Over the weekend, a federal judge ordered that 17 Chevron employees involved in this latest incident to surrender their passports, effectively forcing them to remain in the country as to face prosecution for various crimes against nature, reports the Associated Press.
Brazilian prosecutors said Saturday they will file criminal charges against 17 executives of Chevron Corp. and drilling contractor Transocean Ltd. for a new oil leak near the offshore well where at about 416,000 litres spilled late last year.
Those targeted include George Buck, chief operating officer for Chevron's Brazilian division, federal prosecutors' spokesman Marcelo del Negri said by telephone.
He said prosecutors would file the charges including "environmental crimes" in a federal court next week, but he did not provide further details.

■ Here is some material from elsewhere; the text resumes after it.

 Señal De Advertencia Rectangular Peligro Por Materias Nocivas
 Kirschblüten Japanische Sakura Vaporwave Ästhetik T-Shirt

To add to an already trying situation for Chevron, the company is still reeling from the consequences resulting from another oil leak just last year in which as much as 3,000 barrels of oil were loosed into the waters off the coast of Rio de Janeiro. The company is expected to be fined over $100 million.
In light of the this most recent leak, the rate of which has yet to be disclosed, Chevron has suspended its drilling operations in the oil-rich Frade Field, 200 miles from the Brazilian mainland, as they investigate its cause and develop a way to stop it.